For each catalog on your SEP cluster whose objects you want to track in Atlas, use an atlas-cli command with catalog register command. For example:

atlas-cli catalog register --server https://atlas.example.com:21000 \
  --cluster-name fastqueries --user admin --password \
  --starburst-jdbc-url "jdbc:trino://cluster.example.com:8080?user=starburst_service" \
  --catalog tpch --schema tiny --table nation

See the Atlas CLI reference for further options.

6. Restart cluster and test#

When all SEP cluster objects are registered in Atlas, restart your cluster.

Test the Atlas integration by browsing with the Atlas web interface. Create a new table and register that table with Atlas.
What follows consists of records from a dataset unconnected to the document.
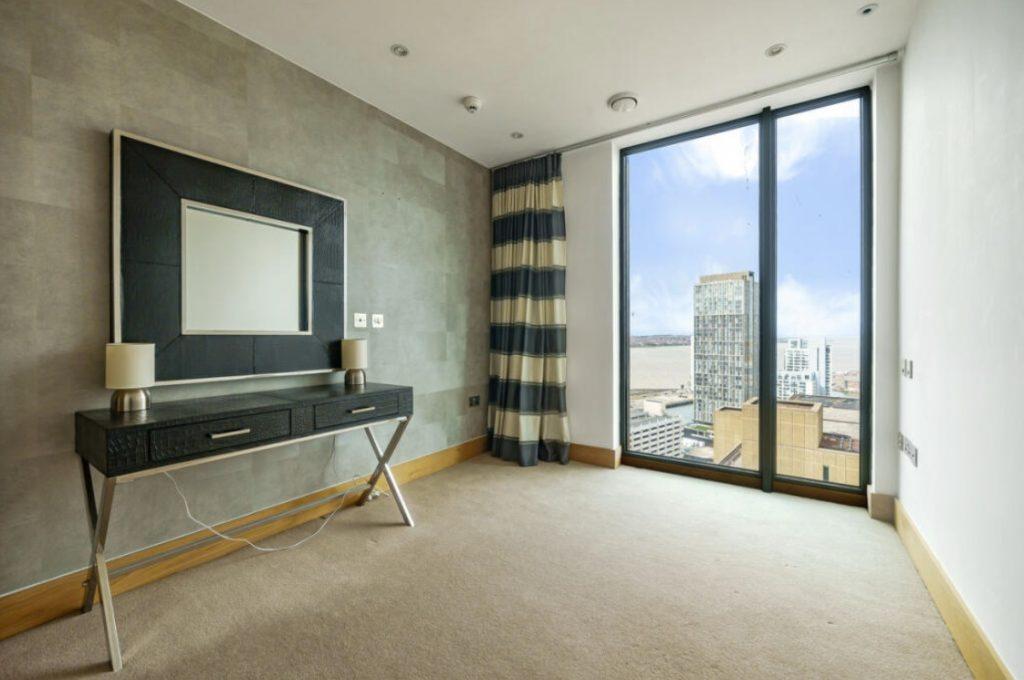 Property for sale by Auction A minimalist room in a Liverpool penthouse investment apartment boasts a large window offering city and river views. The room features a modern table with two lamps, a framed mirror on the wall, striped curtains, light wooden accents, and neutral-colored walls. Presented by World of Auctions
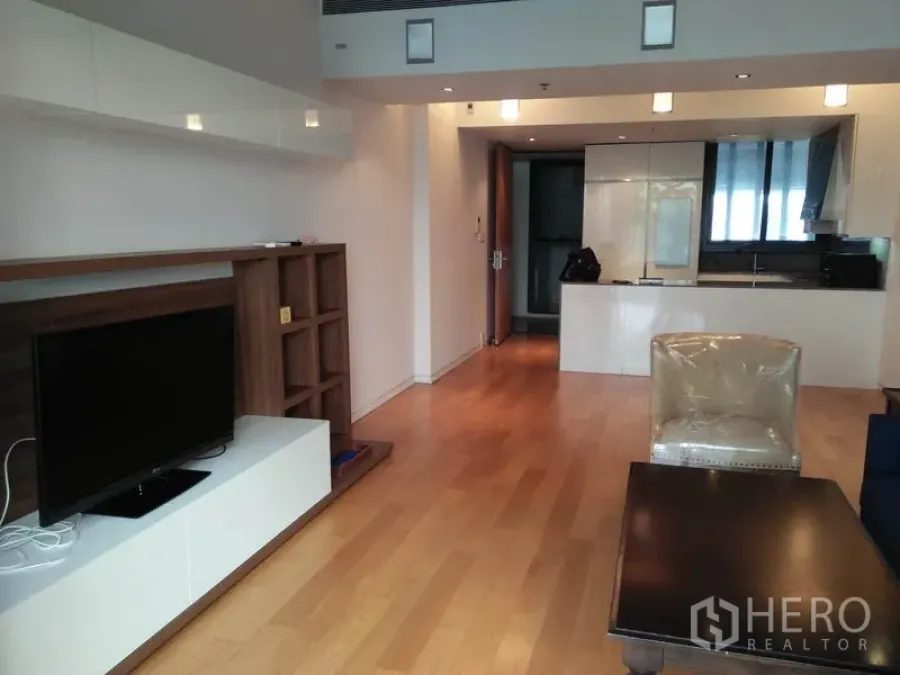 Condominium for rent in Sathon, Bangkok - Living room with TV console, shelving and view toward the kitchen in a Bangkok condominium.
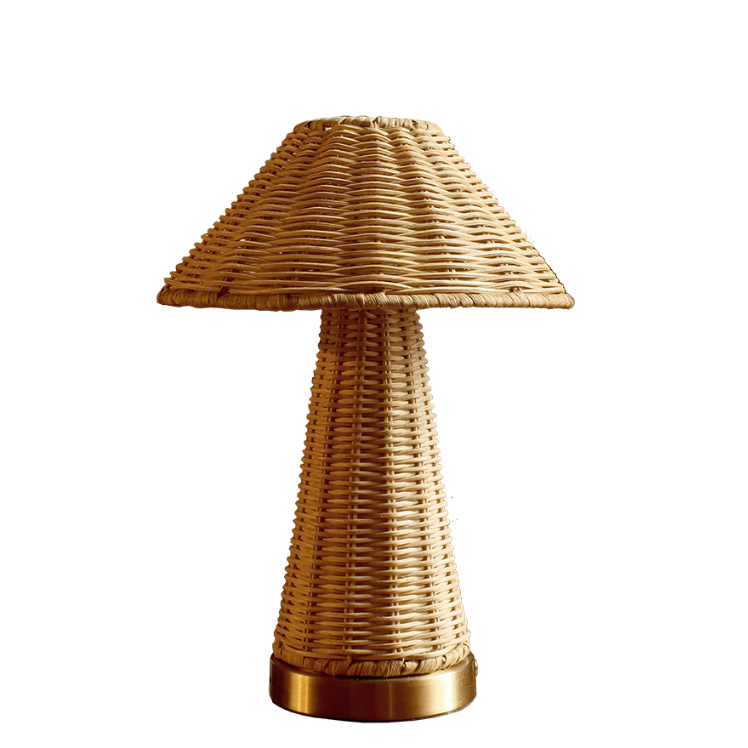 A mushroom-shaped table lamp made of woven natural rattan with a metallic gold base, isolated on a white background.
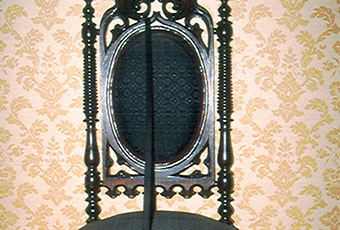 Gothic or Elizabethan rival chair circa 1850 that belonged to the Harrison family. It has been reupholstered in horse hair fabric with a diamond pattern. Back of chair is an oval shape with carved top ornament and side spooled spindles. Legs are also spooled spindles.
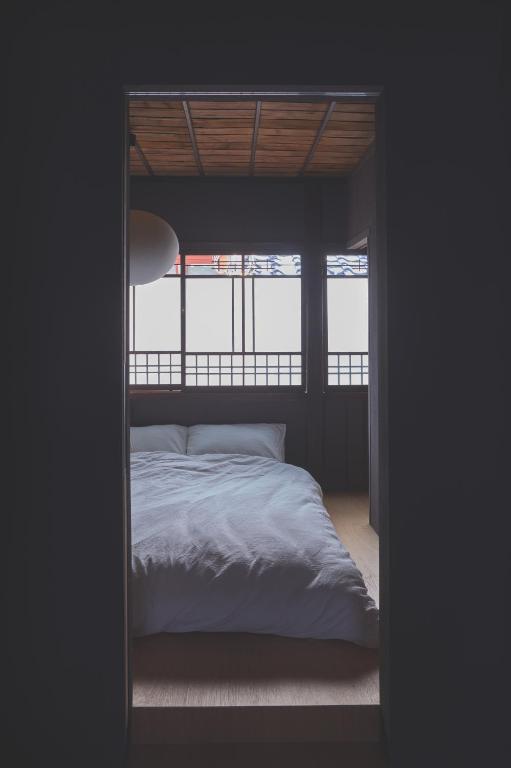 a bedroom with a bed in a room with a window at new tradition hotel kanazawa in Kanazawa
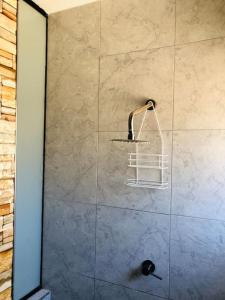 a shower with a glass door with a basket at Nuevo Apartamento en Máncora Las Pocitas in Máncora
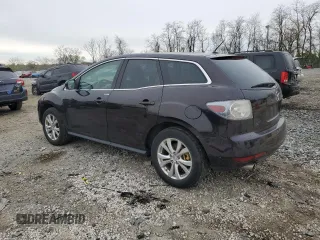 2011 Mazda CX-7 S Touring z VIN JM3ER4CL4B0371150, wystawiony jako Copart lot #52794945 z przebiegiem 147 856 mil mil oraz Czysty tytuł • Clean title. Historia ofert i sprzedaży dostępna na DreamBid. Obrazek 2.
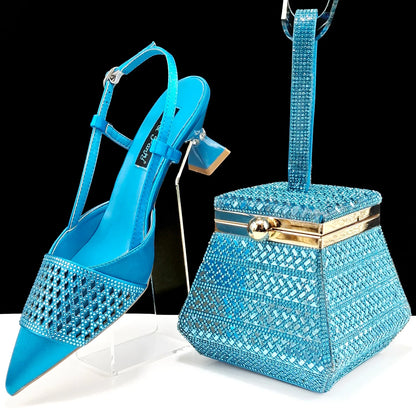 Stylish black gold handbag with a chic buckle strap, complementing elegant women's party shoes.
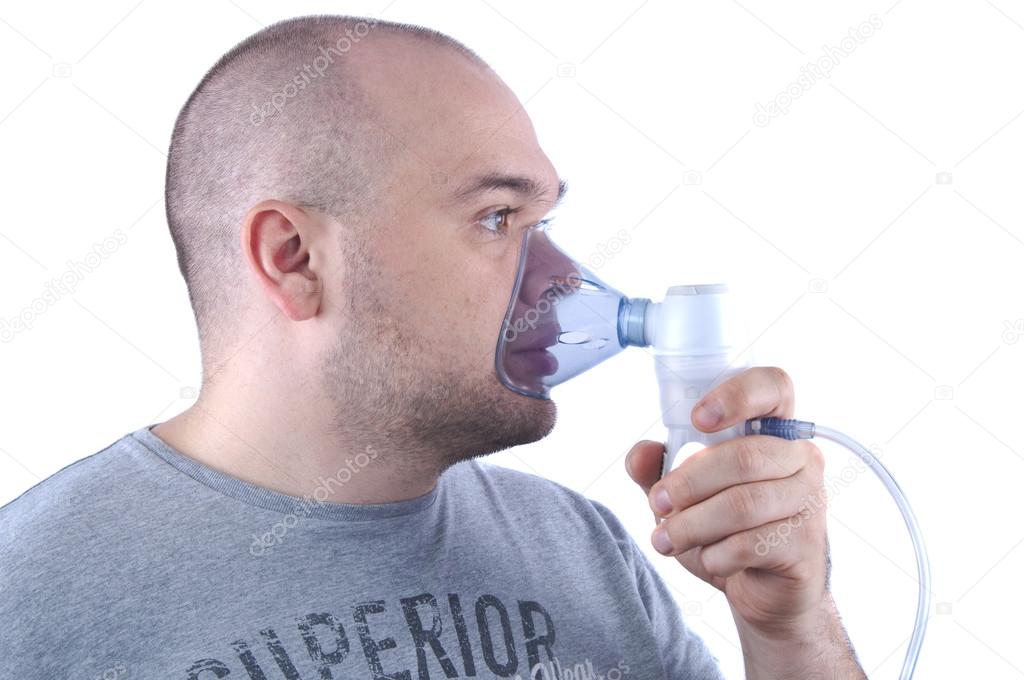 young man with an inhaler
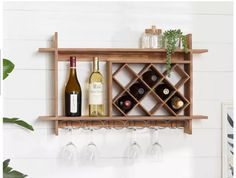 a wooden shelf with wine bottles and glasses on it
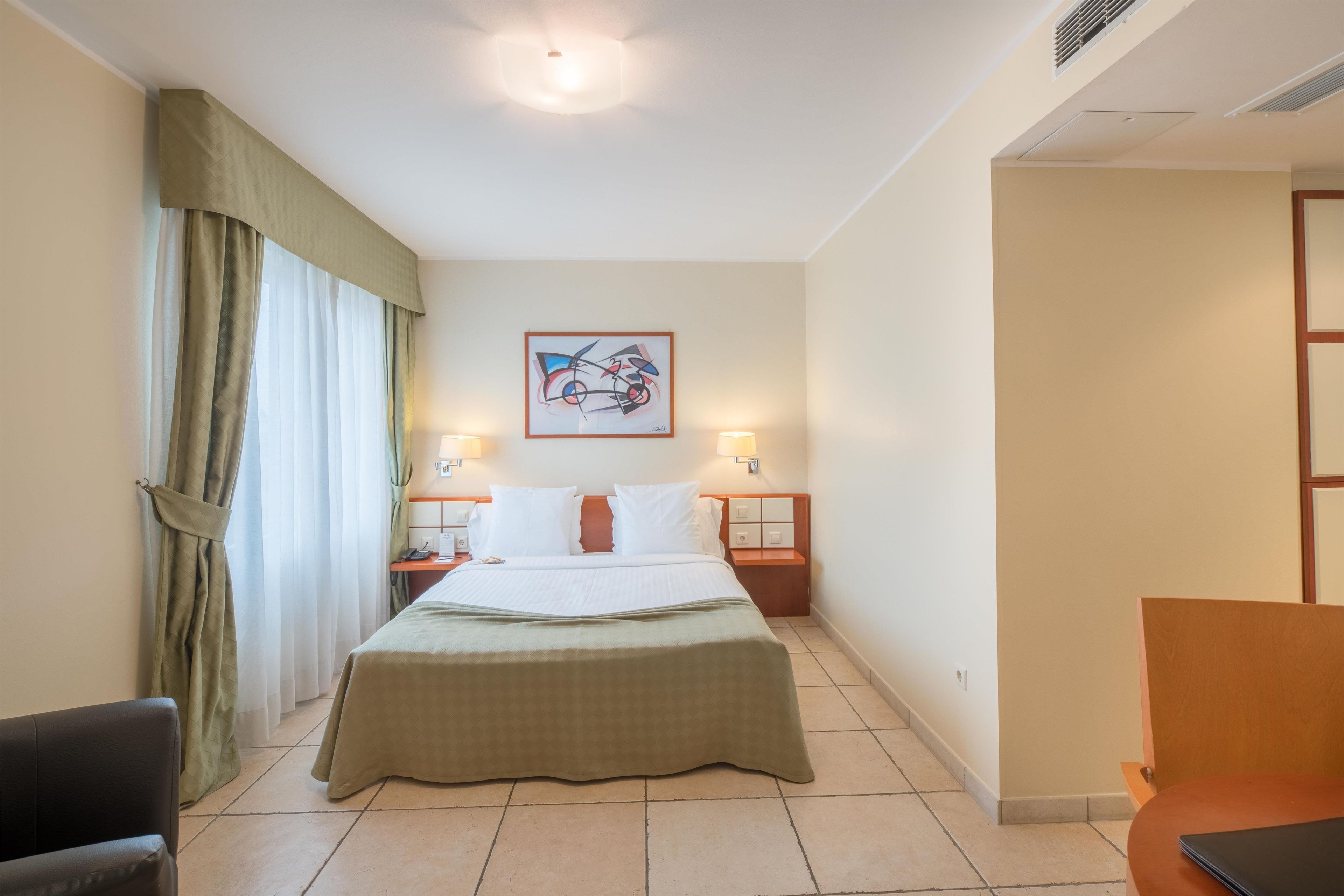Quarto de hotel com uma cama, duas mesas de cabeceira, uma escrivaninha, uma cadeira, uma janela com cortinas e um quadro na parede.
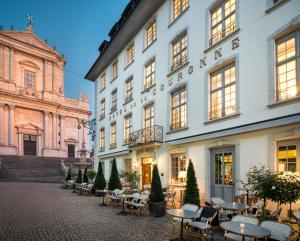 索洛图恩王冠精品酒店的一座白色的大建筑,庭院里设有桌椅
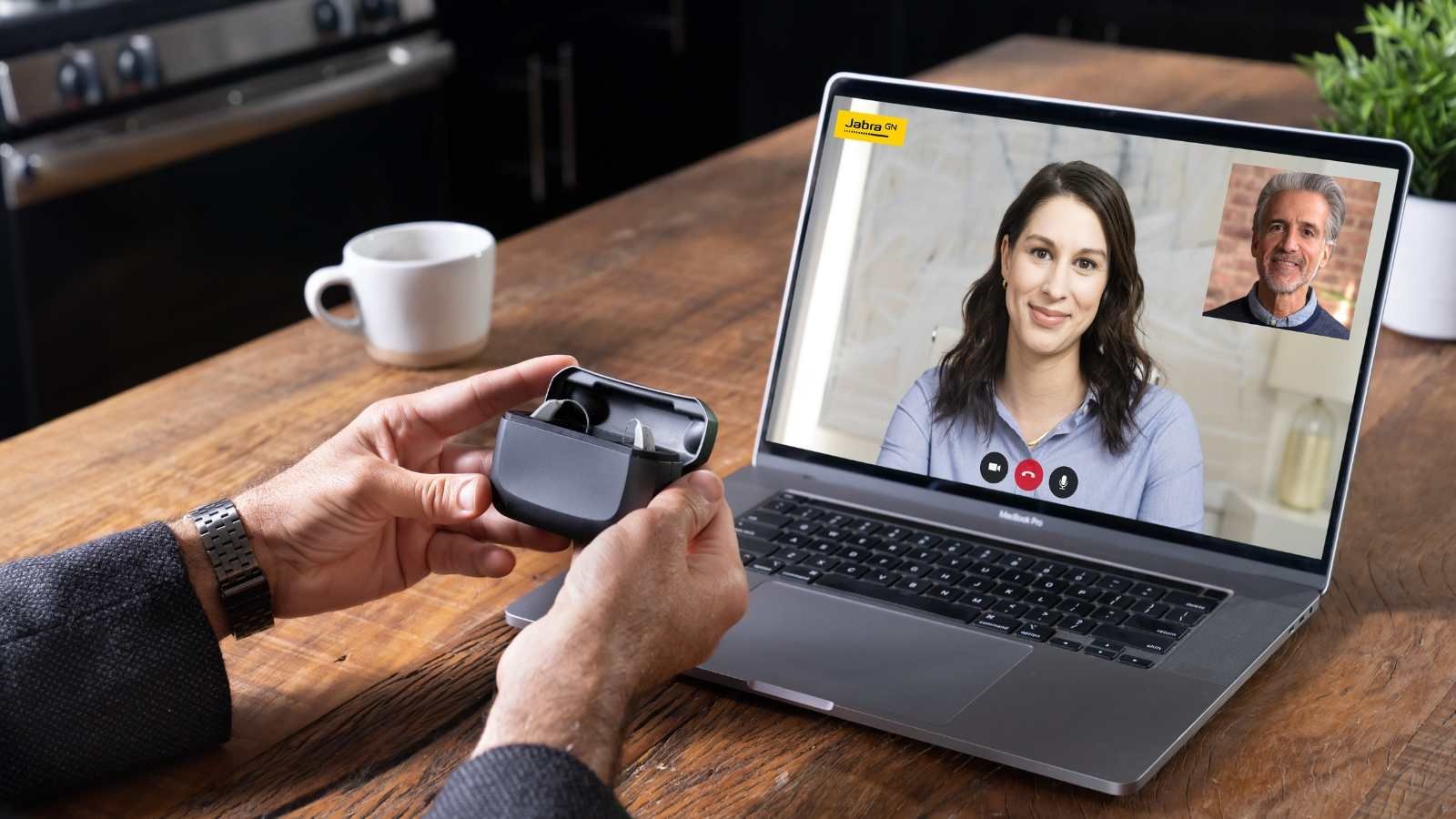 Man on a telehealth video call to set up his new hearing aids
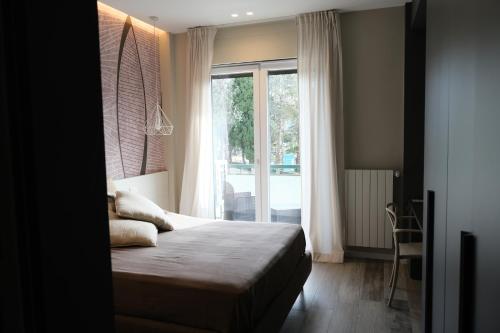 a bedroom with a bed and a large window at Garibaldi House - B&B Luxury in Acquaviva delle Fonti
Then add a column to that table and make sure the change is reflected in Atlas.

Limitations#

SEP’s support for Apache Atlas has the following limitations:

  • Once a cluster or catalog is registered on an Atlas server, it cannot be unregistered.

  • There is no attempt to de-duplicate tables. For example, on a cluster connected to other SEP clusters by means of the Starburst Stargate connector, it is possible for the same table’s structure metadata to be loaded twice, from a local catalog and from a remote catalog.